Agence France-Presse,
Lawmakers girded for a week of political clashes as the US war commander in Iraq, General David Petraeus, prepares to plead Monday for more time to pacify the fractured nation.
On the eve of a hotly anticipated appearance in Congress by the general and the US ambassador to Baghdad, Ryan Crocker, the Republican party accused Democrats of a “desperate new PR strategy to impugn Petraeus.”
Petraeus faces a hostile barrage from Democrats over if and when troops can come home from a four-year war that has killed more than 3,700 US soldiers, tens of thousands of Iraqis and cost half a trillion dollars.
The top US commander will argue that President George W. Bush's contentious strategy announced in January of surging 28,500 extra troops into Iraq has slashed sectarian violence and should be extended.
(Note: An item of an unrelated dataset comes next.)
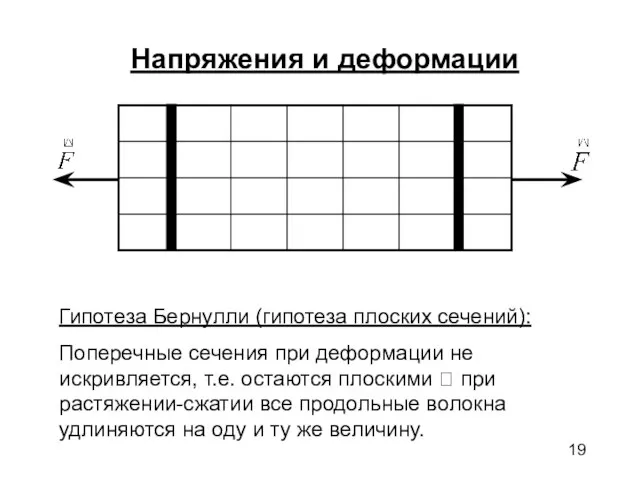 Напряжения и деформации Гипотеза Бернулли (гипотеза плоских сечений): Поперечные сечения при деформации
“I expect him to say that. And I really respect him. And I think he's dead, flat wrong,” Democratic Senator Joseph Biden, a contender in the 2008 White House race, told NBC television.
Bush, according to Biden, “is putting American forces in the middle of a civil war to maintain the status quo. That is unconscionable, and he's wrong.”
Petraeus also was expected to accept gradual cuts in the 168,000 US troops in Iraq from early next year — although the reductions he has in mind are unlikely to satisfy anti-war Democrats.
“My sense is that we have achieved tactical momentum and wrested the initiative from our enemies in a number of areas of Iraq,” Petraeus wrote in a weekend letter to US forces, while expressing disappointment at the pace of political reconciliation in Baghdad.
Joined by Crocker, Petraeus was to swap Baghdad's stifling heat for cool congressional committee rooms Monday and Tuesday, to complement a report on the war that Bush must deliver to US lawmakers by September 15.
They are expected to say the current troop “surge” is making Iraq safer.
Bush has repeatedly hinted that they make their cases in congressional hearings, he may be able to discuss bringing some troops home.
Bush plans a national address this week, to “lay out a vision for future involvement in Iraq” that the public “and their elected leaders of both parties can support.”
Bush on Saturday seized on a new video by elusive Al-Qaeda mastermind Osama bin Laden to buttress his case that the United States must show resolve in Iraq, which he said was “a part of this war against extremists.”
Monday is billed as the most high-profile appearance on Capitol Hill by a US commander since General William Westmoreland addressed both houses of Congress in 1967 on the state of the war in Vietnam — whose shadow looms large over today's debate on future strategy in Iraq.
Calls to stay the course in Iraq are “the same kind of thinking, actually, that got us mired in Vietnam,” Democratic Senator John Kerry said on ABC television, calling the Iraq mission “disastrous.”
But Iraqi government spokesman Ali al-Dabbagh, speaking in Baghdad, urged against a US withdrawal because the Iraqi government needs help to “prevent the return of the terrorists.”
US lawmakers from both parties condemned stuck to their battle lines as they took to the airwaves Sunday.
Republican White House runner John McCain said he was “guardedly optimistic” that if the surge continues, “you could see a messy but favorable outcome.”
Warning of the regional consequences of failure in Iraq, Senator McCain said: “I am convinced that it will be chaos, genocide, and we'll be back with greater sacrifice.”
With the political heat rising ahead of national elections next year, there are reports of dissent even among top military commanders over the surge policy.
Petraeus has clashed bitterly with his military superior Admiral William Fallon, who believes the tactic is using up valuable troops needed elsewhere across the Middle East, The Washington Post reported Sunday.